To ja przybywam z 3 tylko w realu
To ci Krysiu tych akurat rozkminek nie zazdroszczę.Możliwość wcześniejszej emerytury dla kobiet może i fajna,ale przy okazji portfel robi się jeszcze cieńszy....U mnie decydują się głównie ci znajomi,którzy mają potem jeszcze możliwość jakiejś pracy.
Ale jedna przyjaciółka,trochę tak jak Agnieszka,przestraszyła się na 4 mies zwolnieniu,ze już zawsze tak będzie,choć miała co robić.Pewnie te dylematy nasiliły jeszcze różne bolaki.Chociaż u mnie coś w ciele często odzywa się po takiej nawałnicy myśli.Albo jak odsuwam problem do rozwiązania.

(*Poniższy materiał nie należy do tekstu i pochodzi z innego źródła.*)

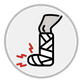 fracture leg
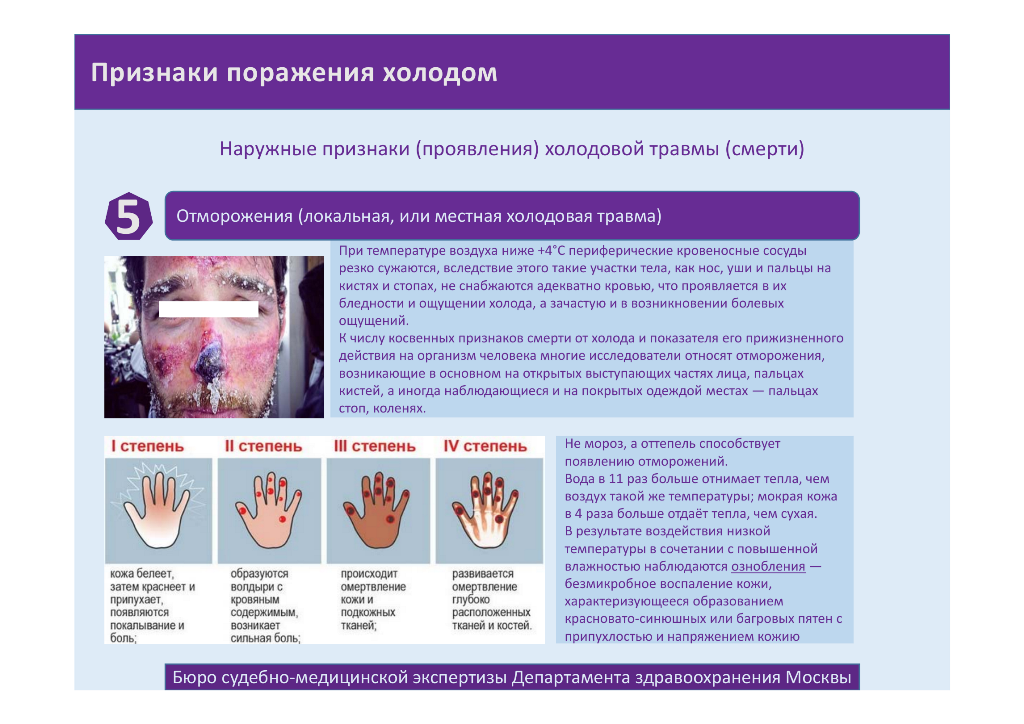 http://upforme.ru/uploads/001a/f5/a1/2/372261.png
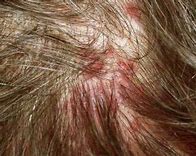 頭皮湿疹 に対する画像結果
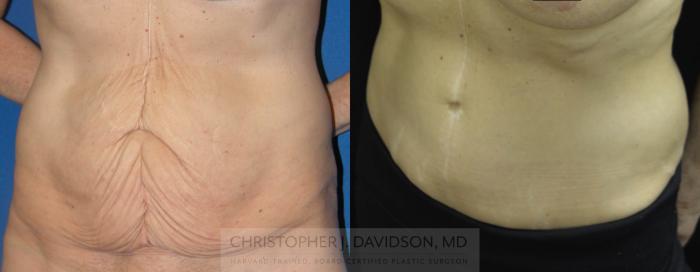 Tummy Tuck (Abdominoplasty) Case 67 Before & After View #3 | Boston, MA | Christopher J. Davidson, MD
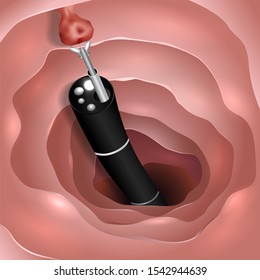 Taking Tissue From Cancer Cell By Colonoscopy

Znasz siebie dość dobrze i myślę,że po przemyśleniach podejmiesz dla siebie dobrą decyzję
Super macie,że wasze rynki już takie bogate.U mnie zielono jest głównie od włoszczyzny i ogórków.Reszty nowej jeszcze nie ma a starej już.
Miałam tak tylko kilka dni u siostry.Generalnie pod tym względem mi się pogorszylo,stara gwardia małych producentów mocno zmalała przez emerytury,nowi to tylko zwykli handlarze,ktorzy mało na czym się znają.Moj region to z resztą nigdy nie była warzywna mekka.
Ja przyznam,że czasem jak Krysiu się po południu zapowiesz na wieczór,to czekam na twoją wizytę.Ale jak wstanę bardzo rano na rower to szybko wieczorkiem odpływam,zimą jakoś mi łatwiej siedzieć dłużej wieczorem.